→ **AIM OF THE EXERCISE**: The result should be an exact copy of only the lines from the one holding "Opel Astra Седан, снимка 8" through the last line of the data below, please, without pictures.

→ **THE DATA**:

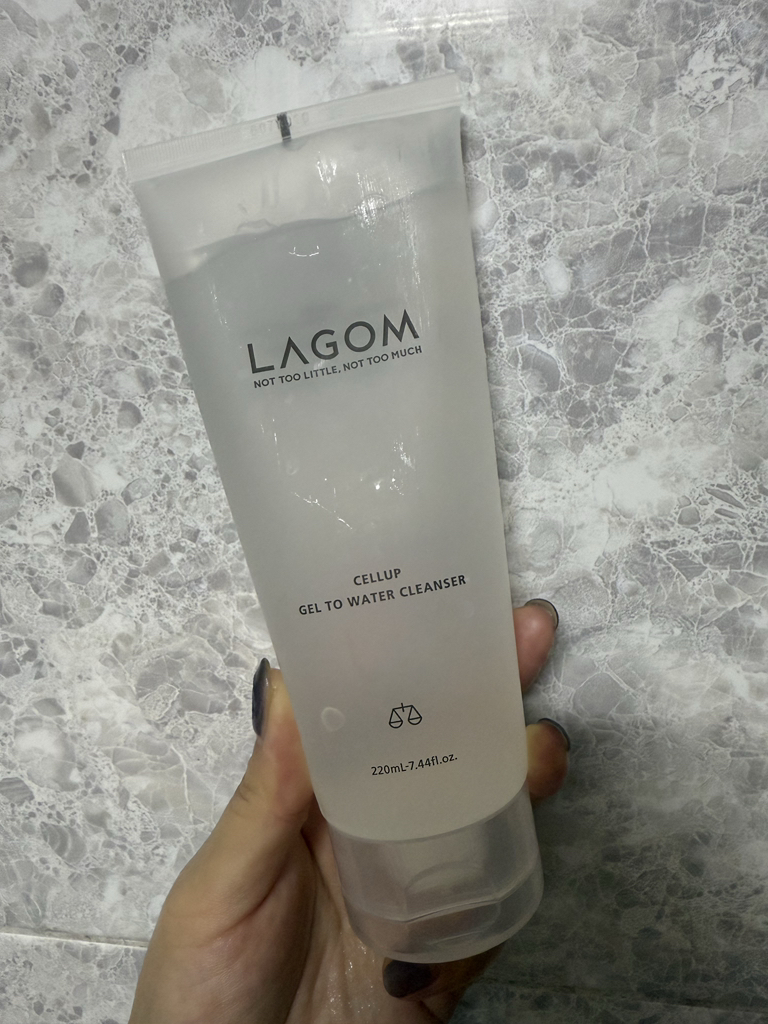 라곰 (LAGOM) 젤 투 워터 클렌저 review image
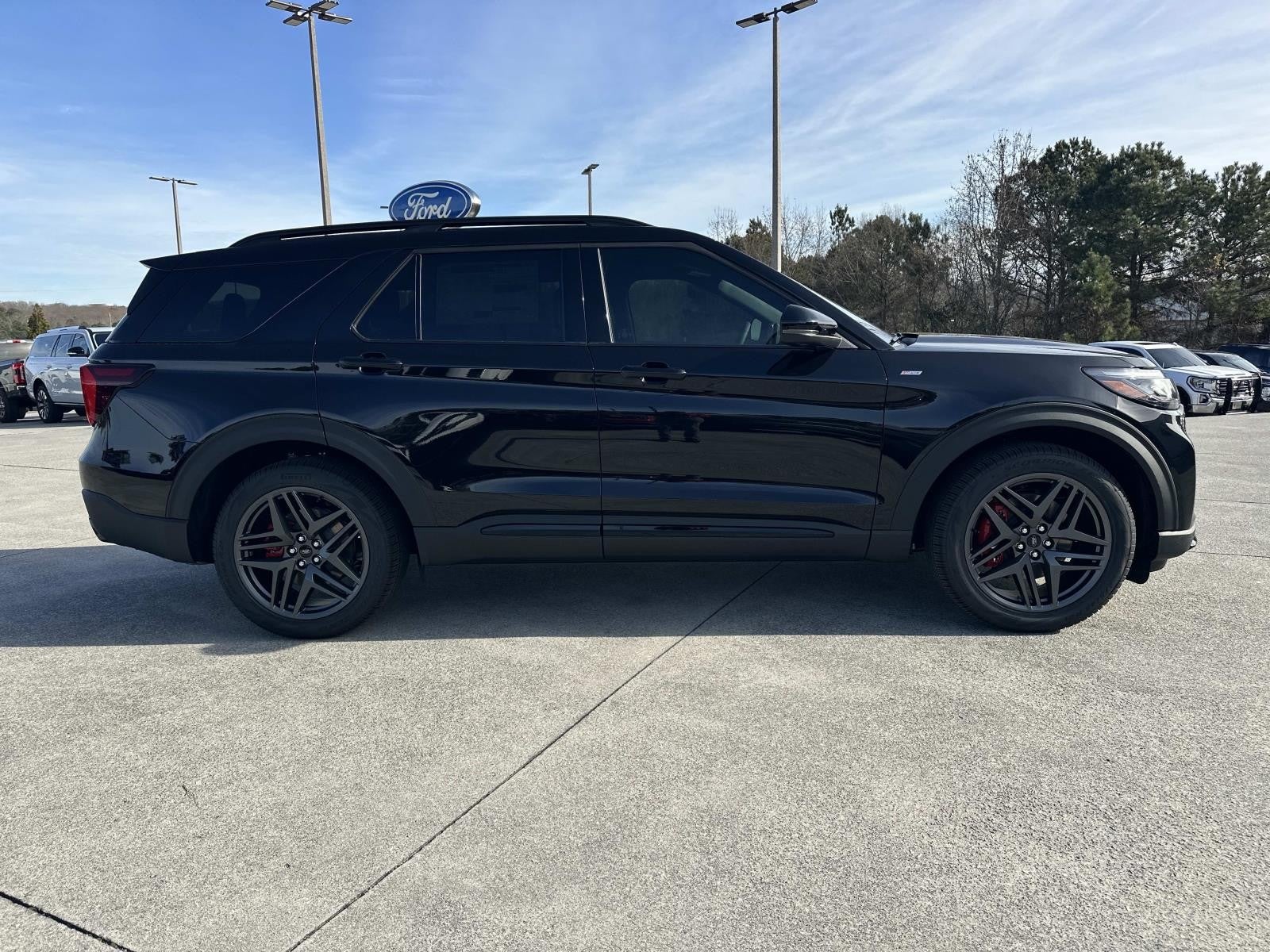 2026 Ford Explorer ST-LINE RWD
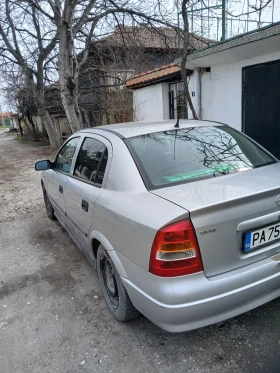 Opel Astra Седан, снимка 8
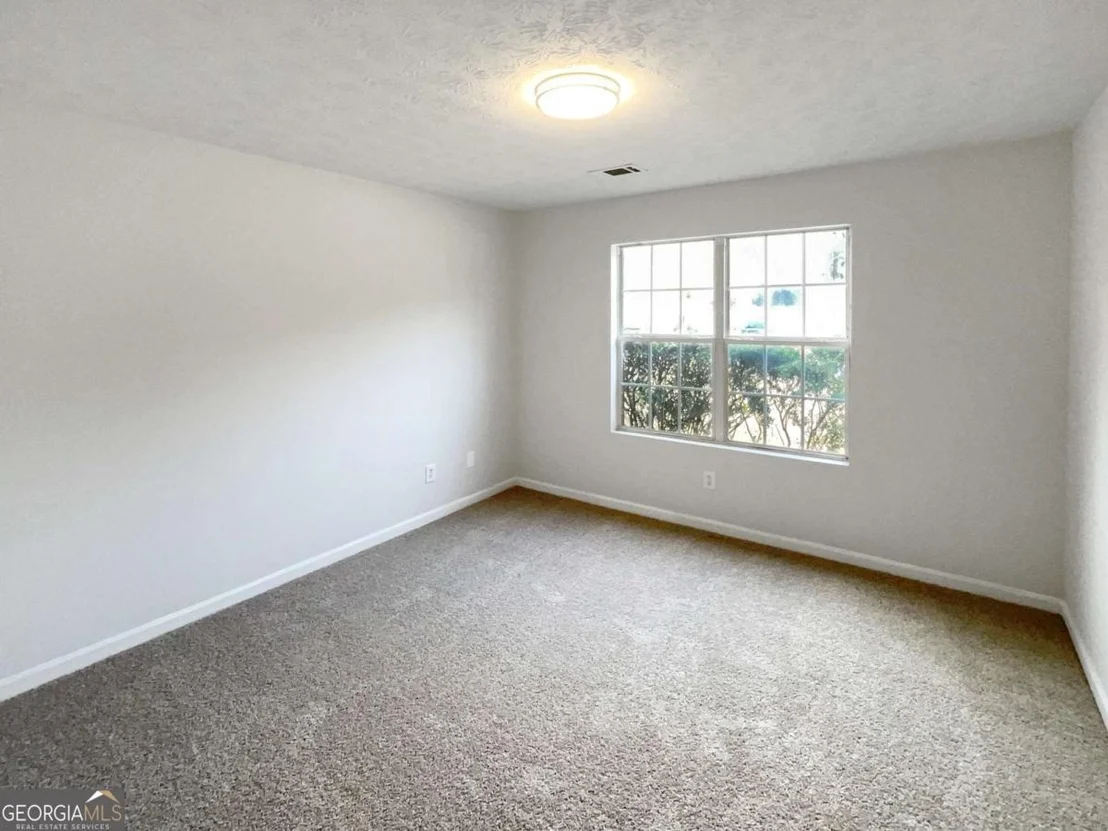 Photo of 2879 Valaise Lane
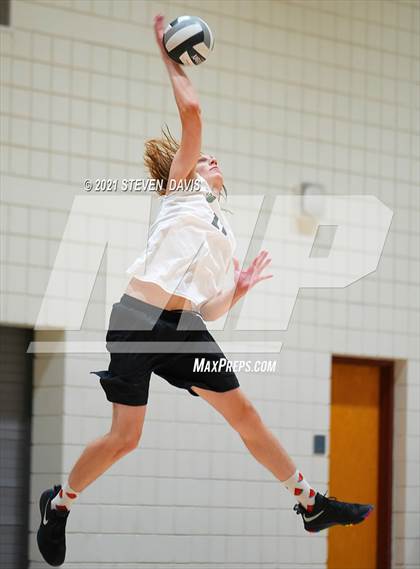 Thumbnail 1 in Tucson High Magnet School @ Basha photogallery.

→ **TASK OUTPUT**:
 Opel Astra Седан, снимка 8
 Photo of 2879 Valaise Lane
 Thumbnail 1 in Tucson High Magnet School @ Basha photogallery.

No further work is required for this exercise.